Find the line containing "Wooden Match Game". Retype it and every later line of the records exactly, leaving out pictures.

Source information
----
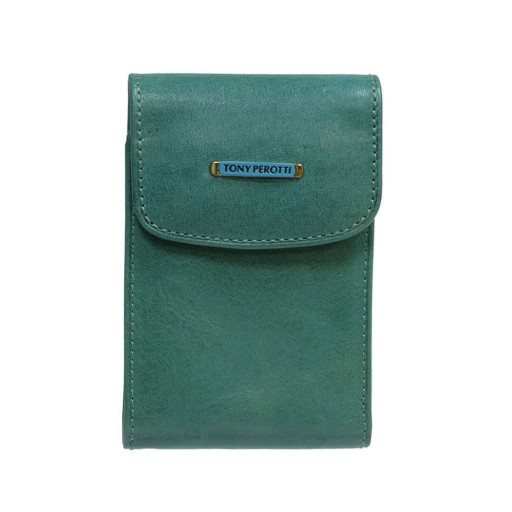 Leather credit card holder Topkapi 1703 acqua aquamarine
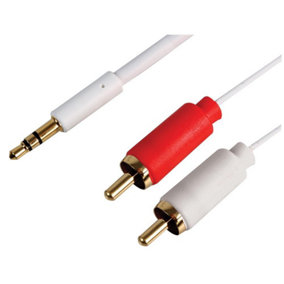 PRO SIGNAL - Slim 3.5mm Stereo Plug to 2x Phono (RCA) Plug Lead, 0.5m White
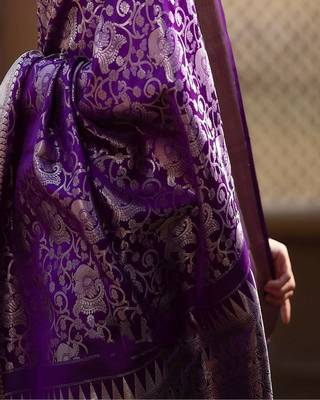 Violet Purple and Silver Zari Woven Foux Kanjivaram Saree with Blouse 4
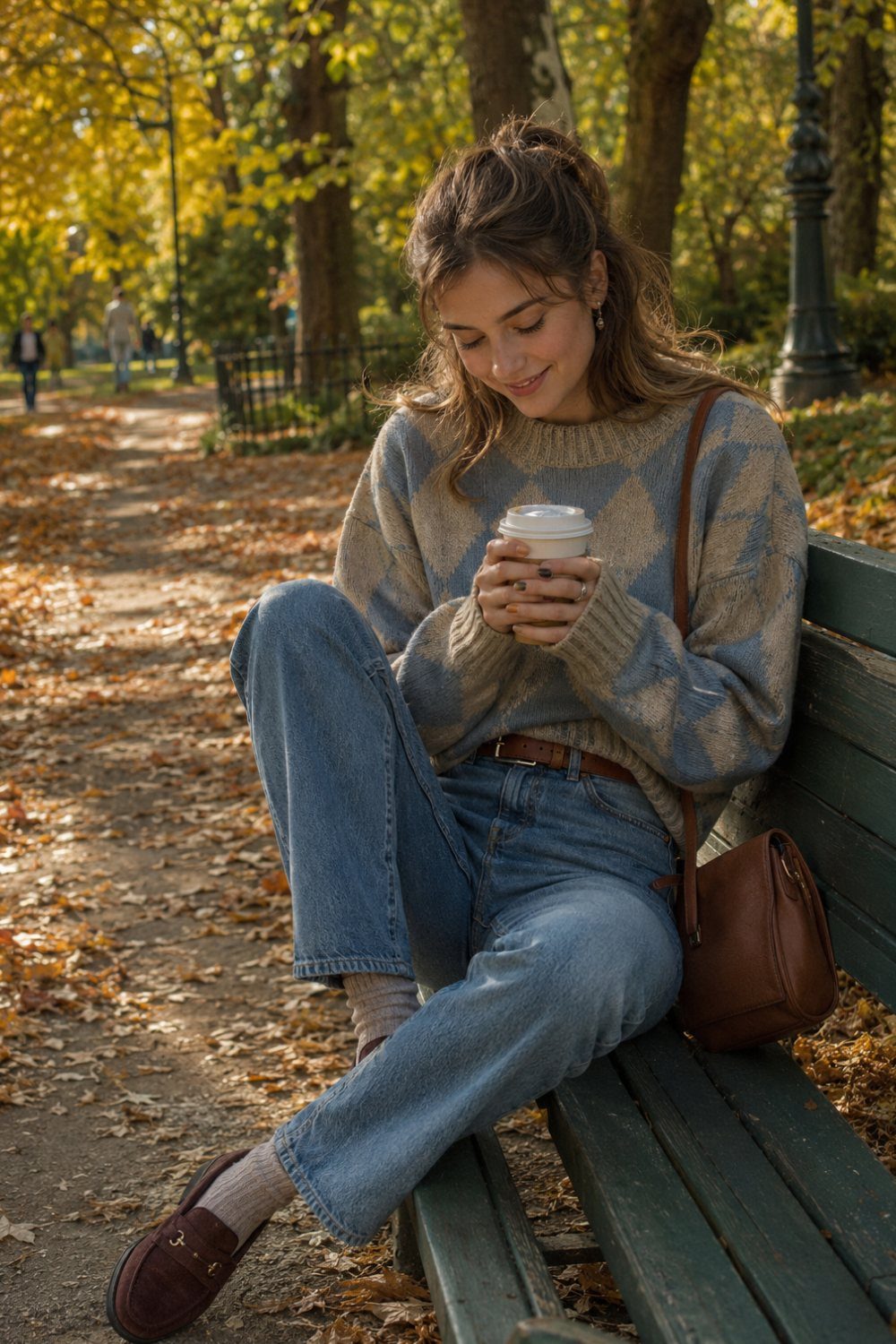 A woman in a diamond pattern sweater sits on a park bench holding coffee.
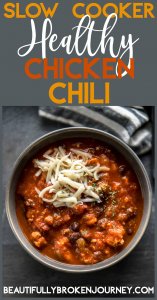This Slow Cooker Healthy Chicken Chili is an easy recipe that is big on flavor and the perfect bowl of comfort food when it's cold outside!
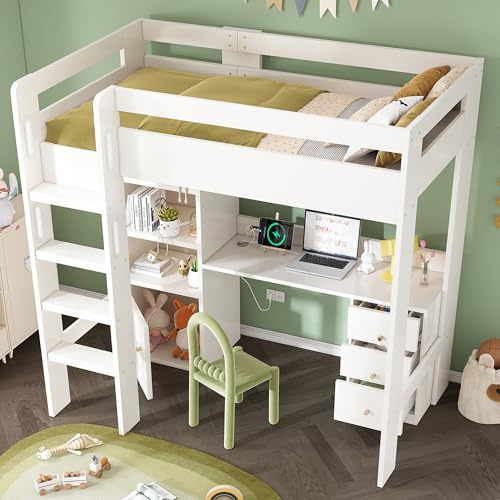 Mengtu Kinderbett Hochbett mit USB-C Schreibtisch, Kleiderschrank und Aktenschrank, Jugendbett Einzelbett mit Treppe und Lattenrost, Stauraum,90×200, Ohne Matratze Möbel, Schlafzimmermöbel, Bett, Bet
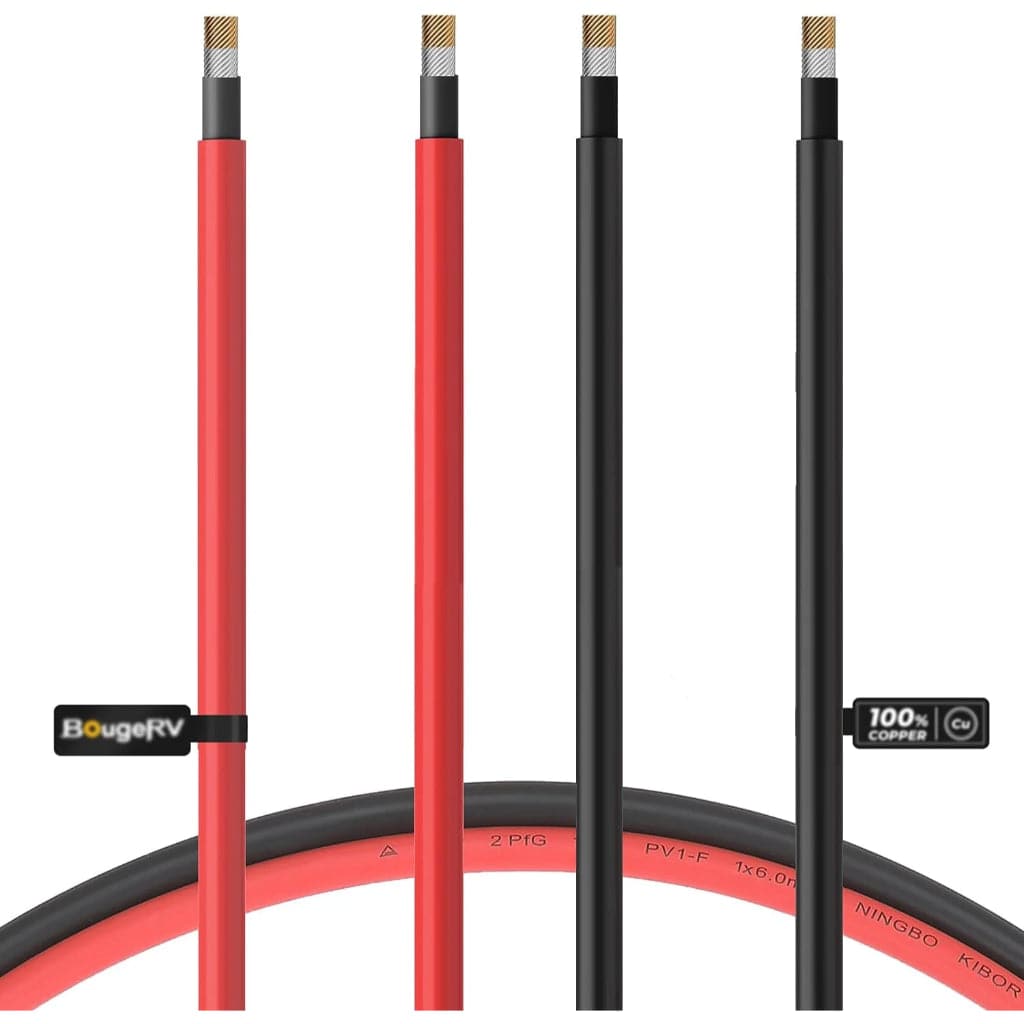BougeRV Solar Extension Cable with Extra Free Connectors | IP67 Rated | UV Resistant | MC4 Extension Cable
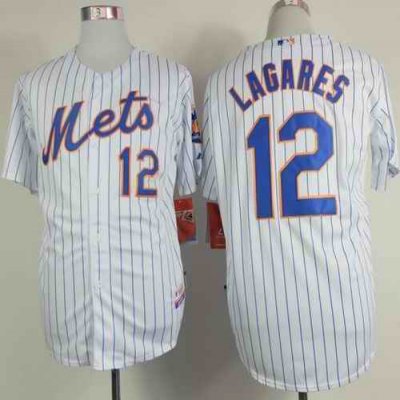 Mets #12 Juan Lagares White(Blue Strip) Home Cool Base Stitched MLB Jersey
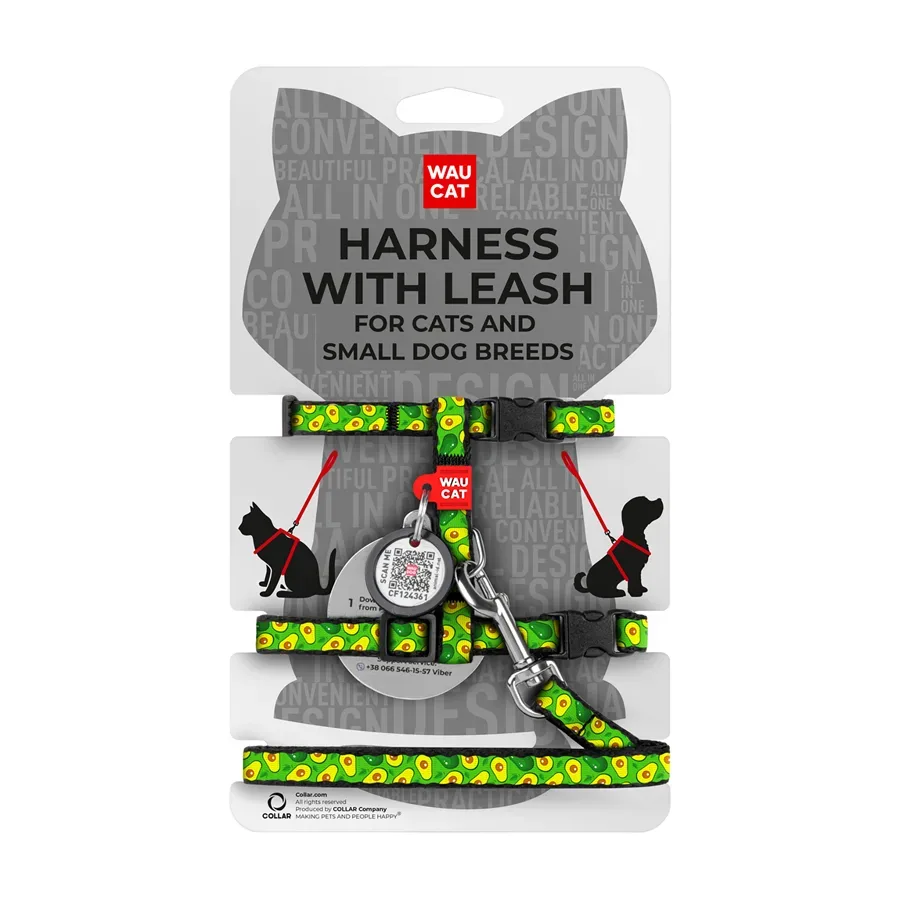 Шлея з повідцем «Авокадо», XS WAUCAT Nylon Harness with Leash Avocado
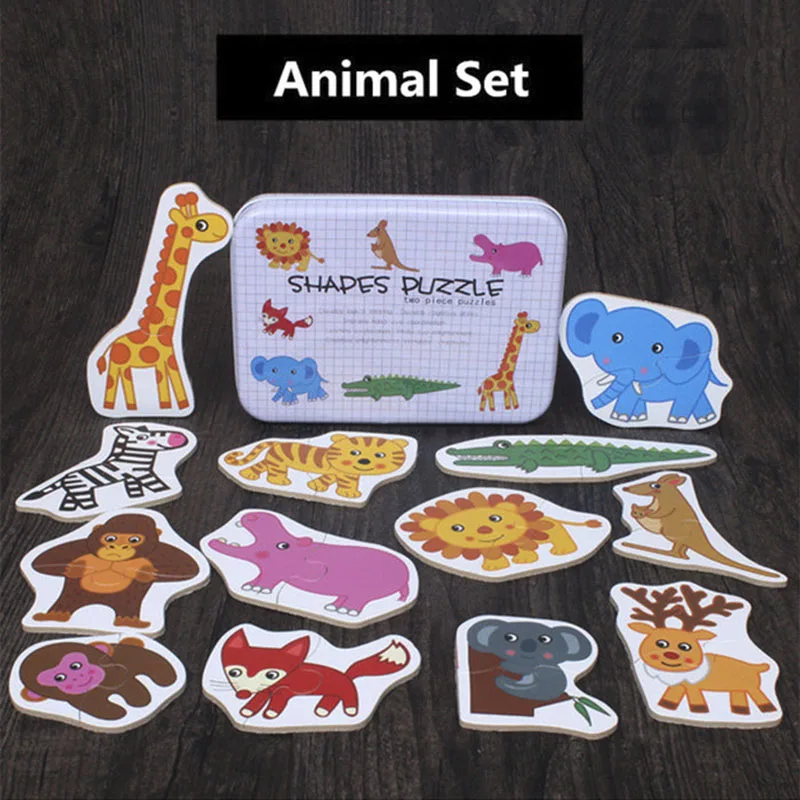 

Wooden Match Game Kid's Early Educational Montessori Toys Puzzle Card Cartoon Vehicle Animal Pocket Flash Card Game for Children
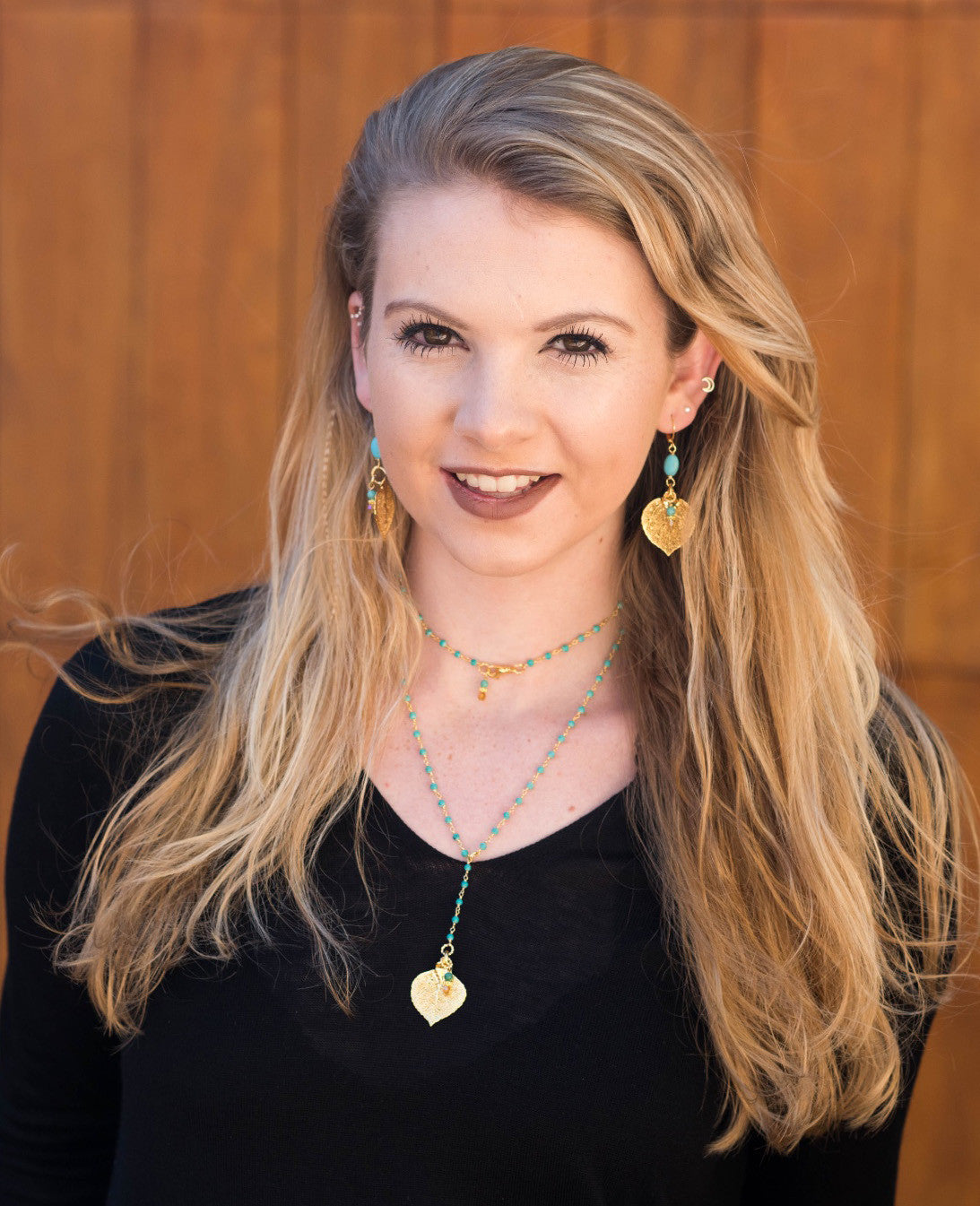 Gold leaf &Turquoise earrings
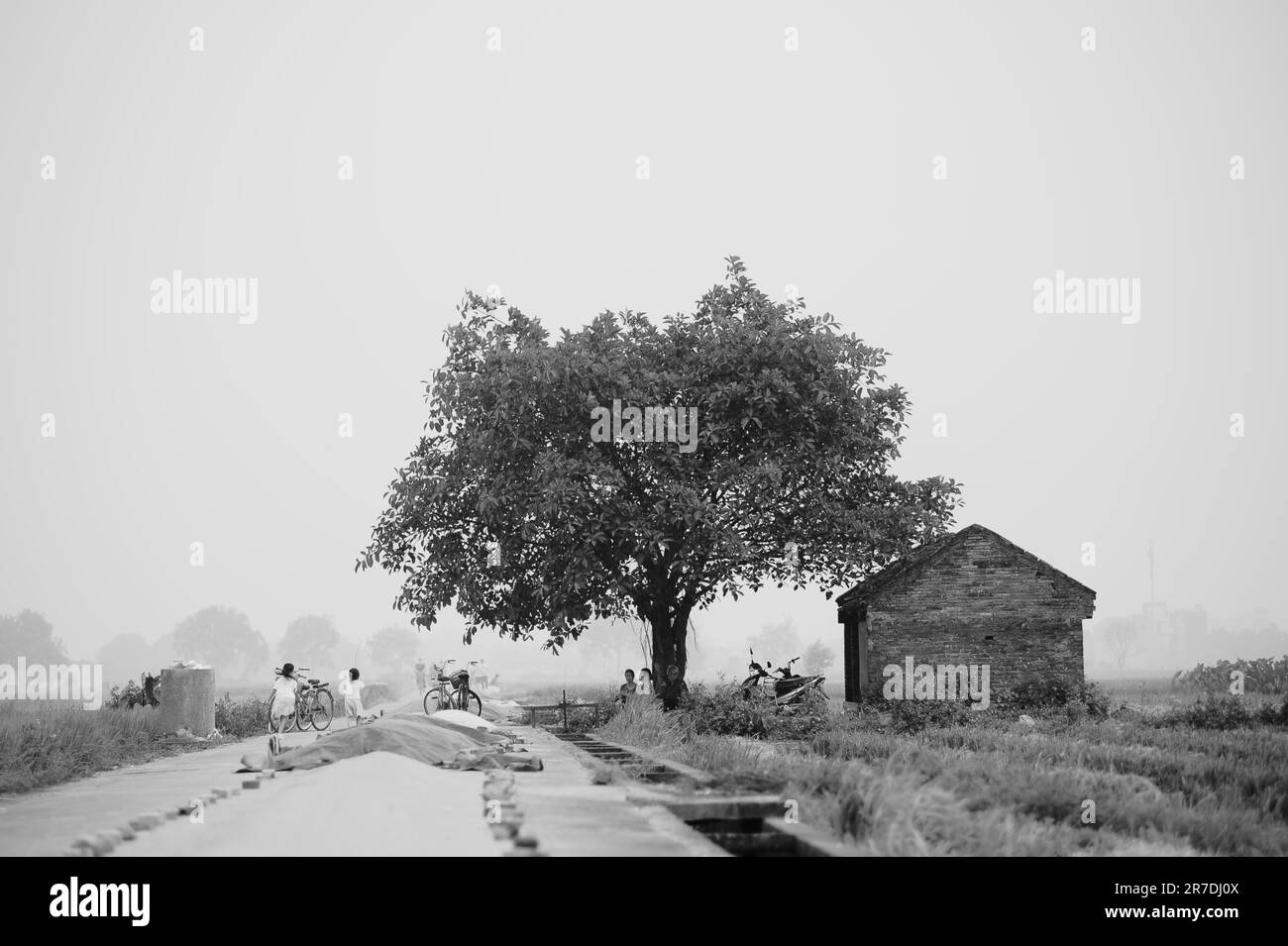 Black and white countryside Stock Photo - Alamy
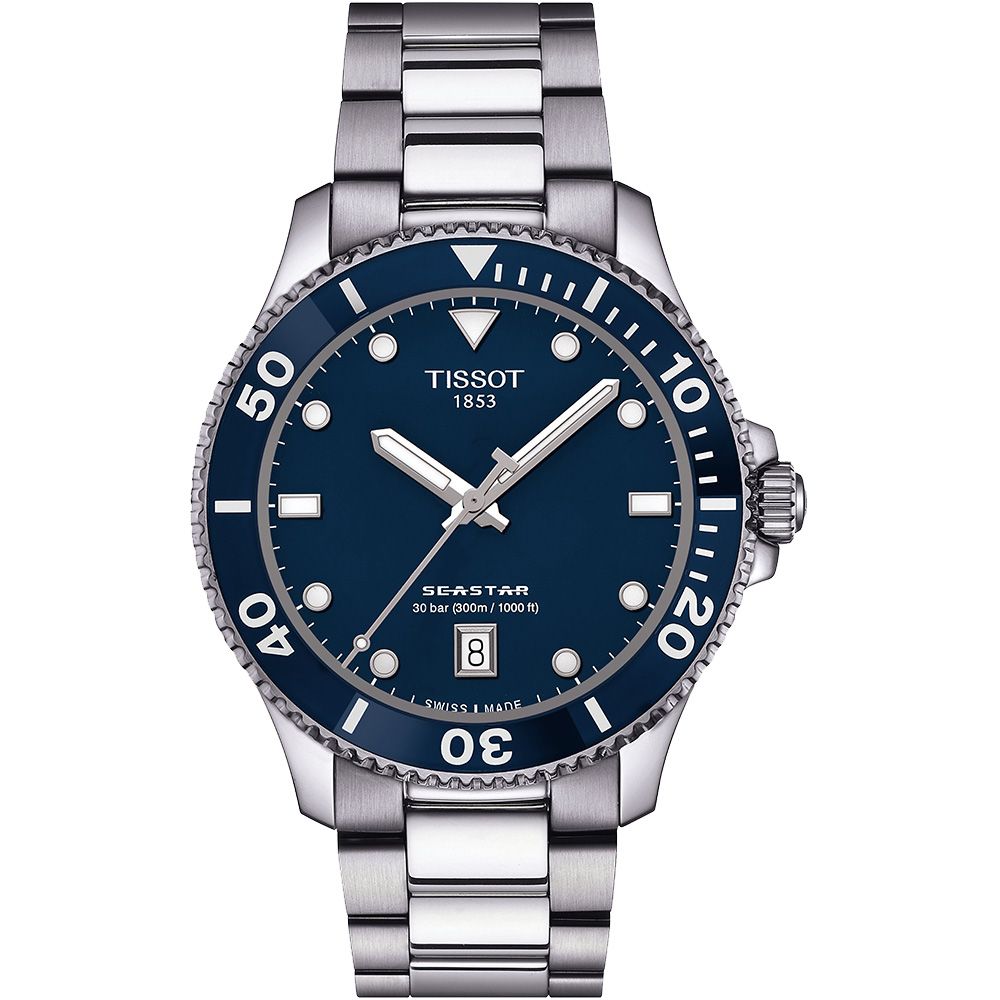 TISSOT 天梭   Seastar 1000海洋之星300米潛水錶/藍/40mm/T1204101104100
----
Answer to the problem
Wooden Match Game Kid's Early Educational Montessori Toys Puzzle Card Cartoon Vehicle Animal Pocket Flash Card Game for Children
 Gold leaf &Turquoise earrings
 Black and white countryside Stock Photo - Alamy
 TISSOT 天梭   Seastar 1000海洋之星300米潛水錶/藍/40mm/T1204101104100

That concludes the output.